Regarding efficiency and completeness of findProviders API

How does the findProviders API in libp2p is resolving the list of nodes (providers) that provide a given content. Does the underlying search involve querying all the nodes in the network, or is there a node that maintains a dictionary of all the providers for that content. Or is the data returned based on some local cached copy, so not ALL the providers in the network for that content are guaranteed to be returned.

Thanks!

We use a DHT (like bittorrent). When a peer provides a block, it sticks a provider record on the DHT server responsible for that block.

Note: we are working on sending out fewer provider records (e.g., only announcing roots of files, roots of directory trees, etc) as announcing provider records for every chunk is a massive bottleneck for us.

Thank you @stebalien. Few other questions -

  1. Is there an API available that can be called by a node to dump a list of all the provider blocks that it is storing.
  2. Is there an issue if the node (DHT server) that is storing provider blocks is behind NAT
  3. Is there a way to associate TTL with the provider block being stored on the DHT server.
  4. Does a node storing the provider block on the DHT server has to keep checking of the DHT server is alive, and republish if needed.

Thanks
Rohit

Is there an API available that can be called by a node to dump a list of all the provider blocks that it is storing.

Not that I know of. Note: DHT nodes don’t store the blocks, just records of where they’re stored.

Is there an issue if the node (DHT server) that is storing provider blocks is behind NAT

Yes. However, we generally write provider blocks to multiple nodes to reduce these issues. I’d like to have nodes only promote themselves to full DHT nodes after some period of uptime/reachability but we don’t currently do that.

Is there a way to associate TTL with the provider block being stored on the DHT server.

Provider records last 24 hours by default.
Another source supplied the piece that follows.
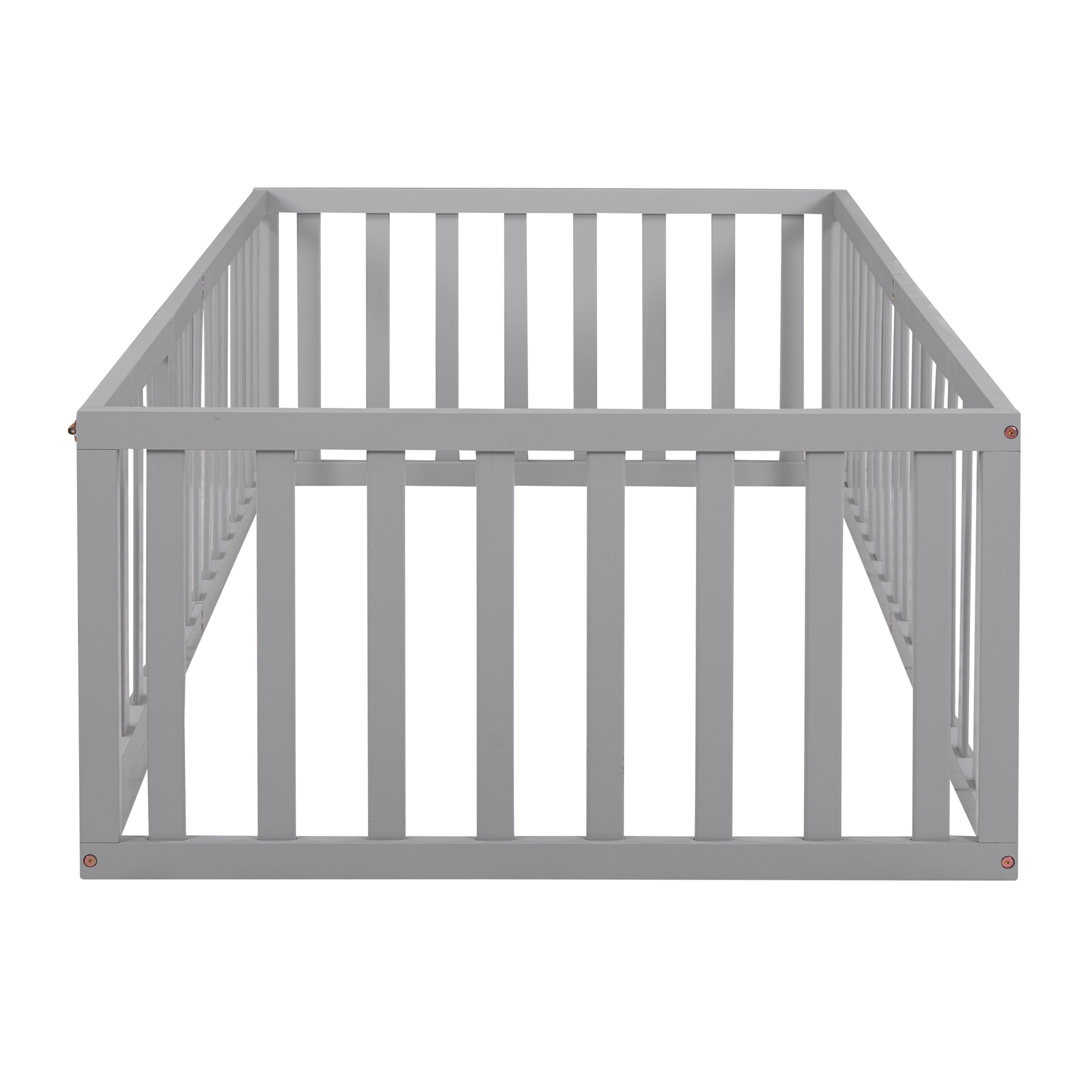 Light gray wooden baby playpen with vertical slats secured for safe play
Does a node storing the provider block on the DHT server has to keep checking of the DHT server is alive, and republish if needed.
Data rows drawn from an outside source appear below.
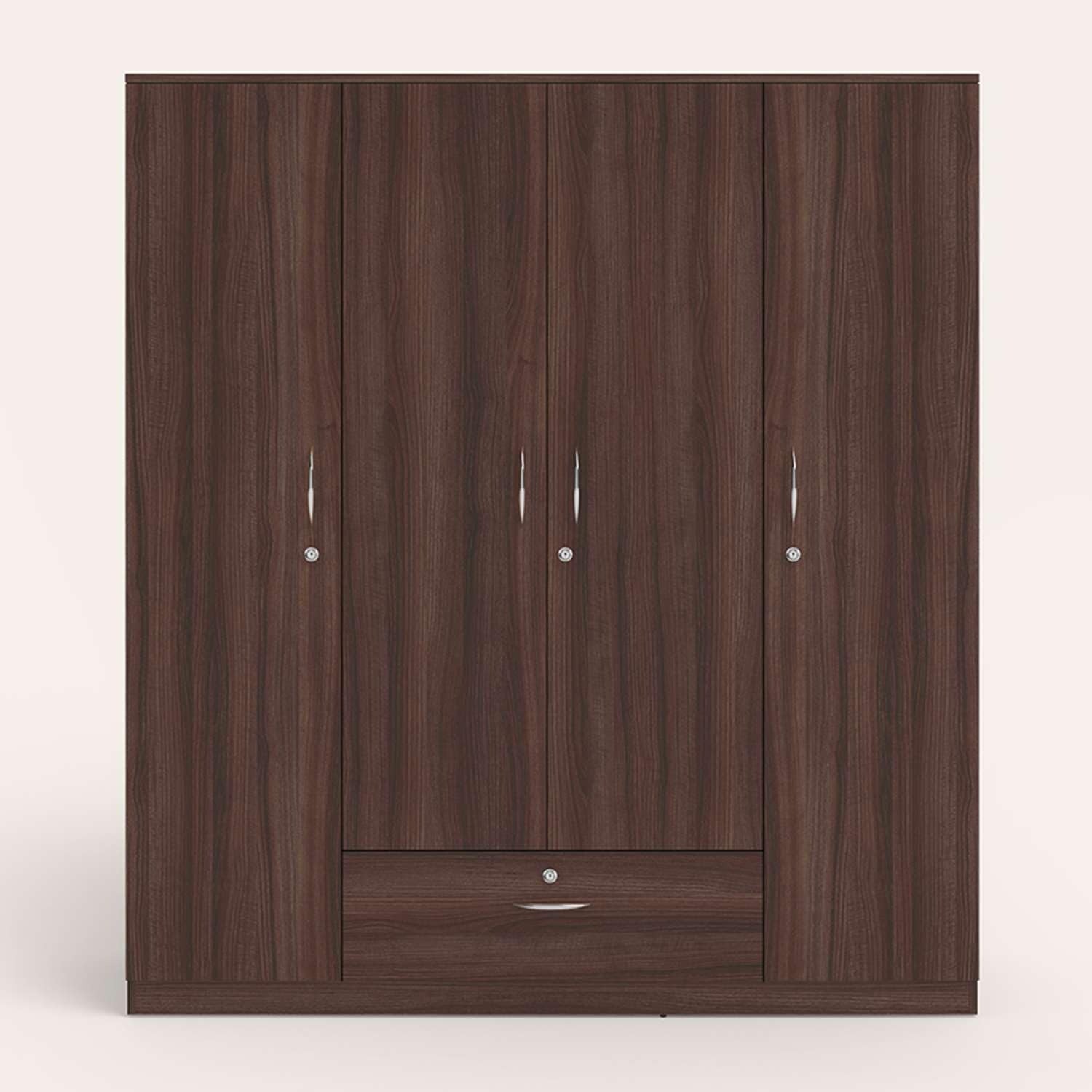 Modern Gold Touch Particle Wood  4 Door Almirah (Engineering Wood Wardrobe )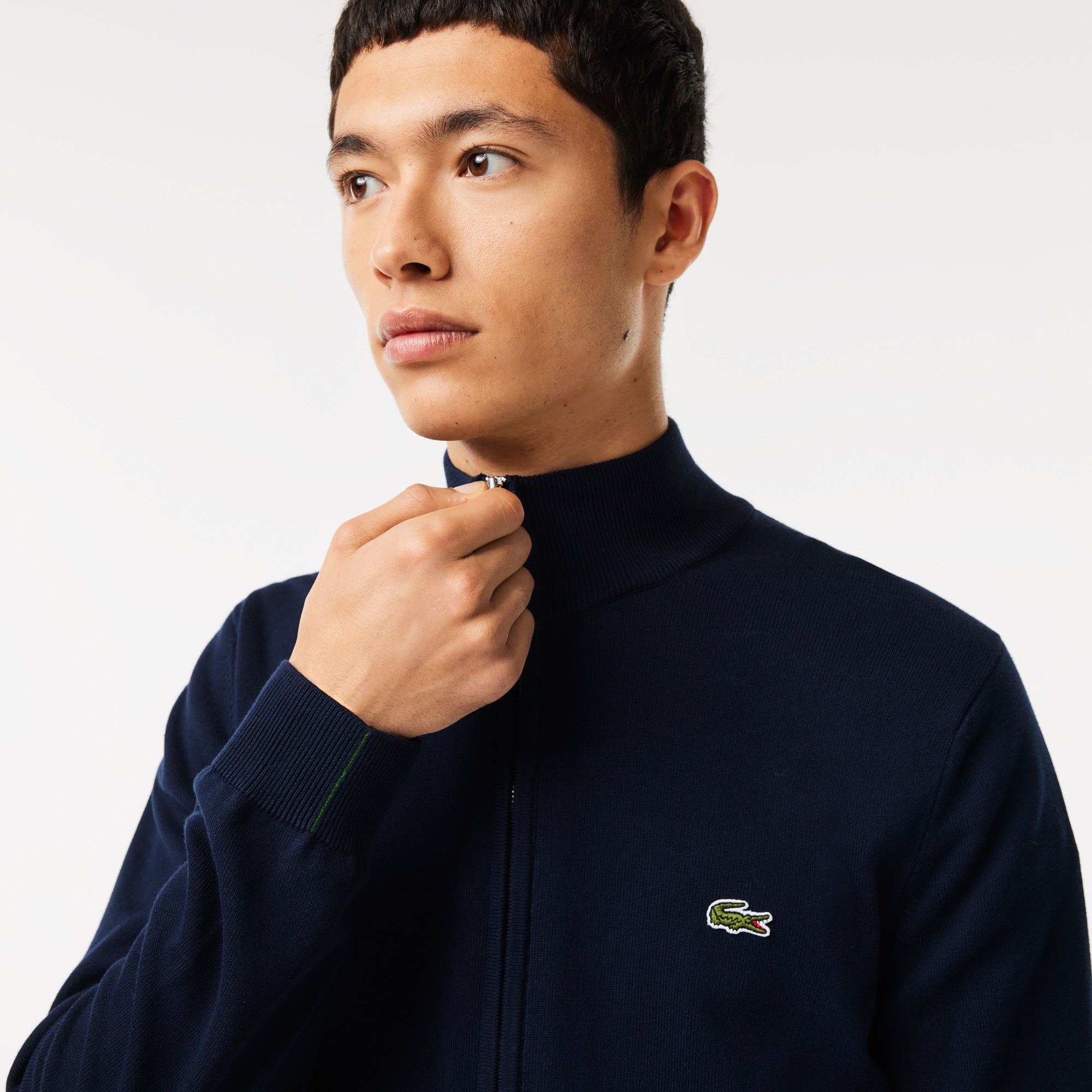 Men's Stand-up Collar Organic Cotton Zippered Sweater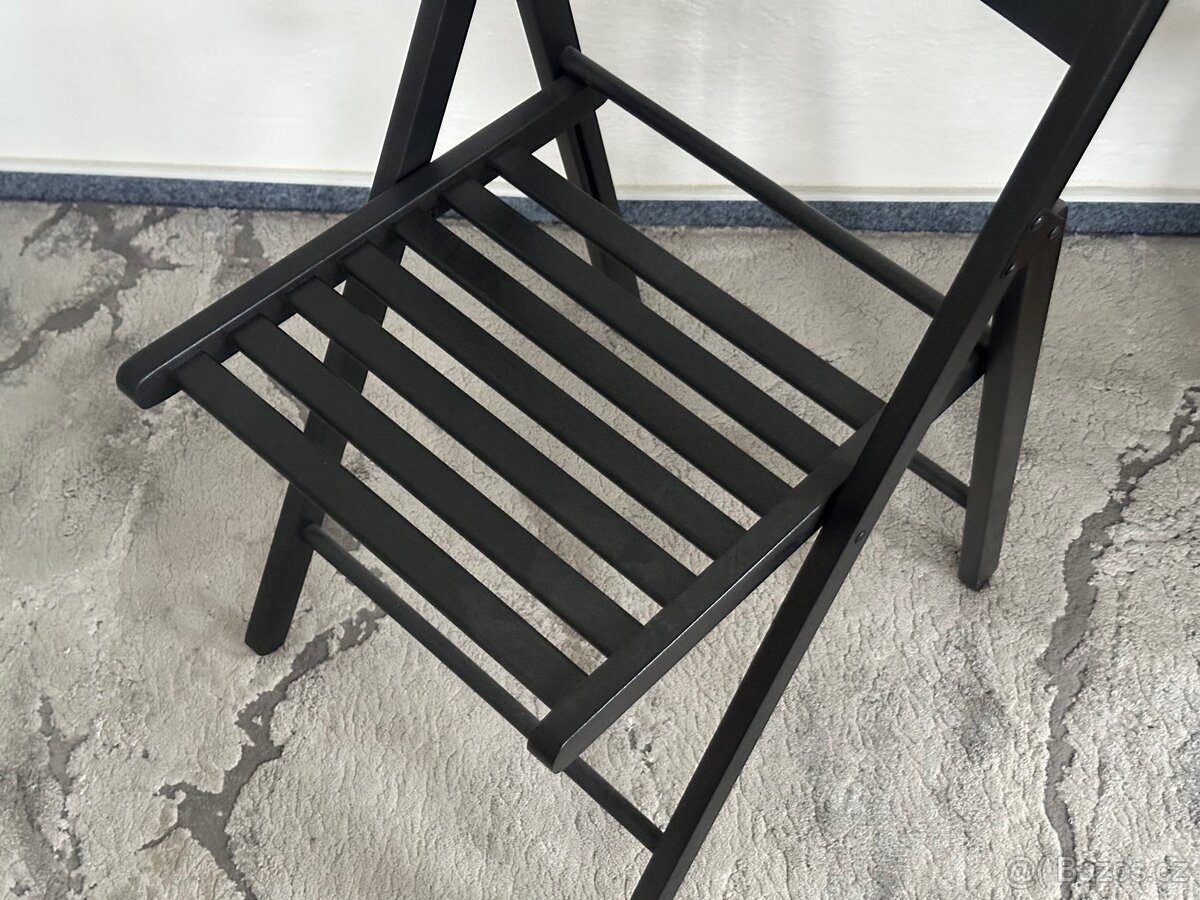 IKEA Frösvi skládací židle černá dřevěná - 2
No, we just reprovide every few hours anyways.

Thanks. One other question - given a Kademlia id which API I can call to determine the corresponding node that is responsible for the id. Basically I want to know the exact node which stores the key-value mapping when the put(key, value) API is called. Thanks

Will the findPeer() API of libp2p return the successor node for any provided Kademlia id.

That’ll find the exact peer (used when connecting to the peer in question). The method you’re looking for is probably getClosestPeers. That’ll return an array of peer IDs close to the key in question.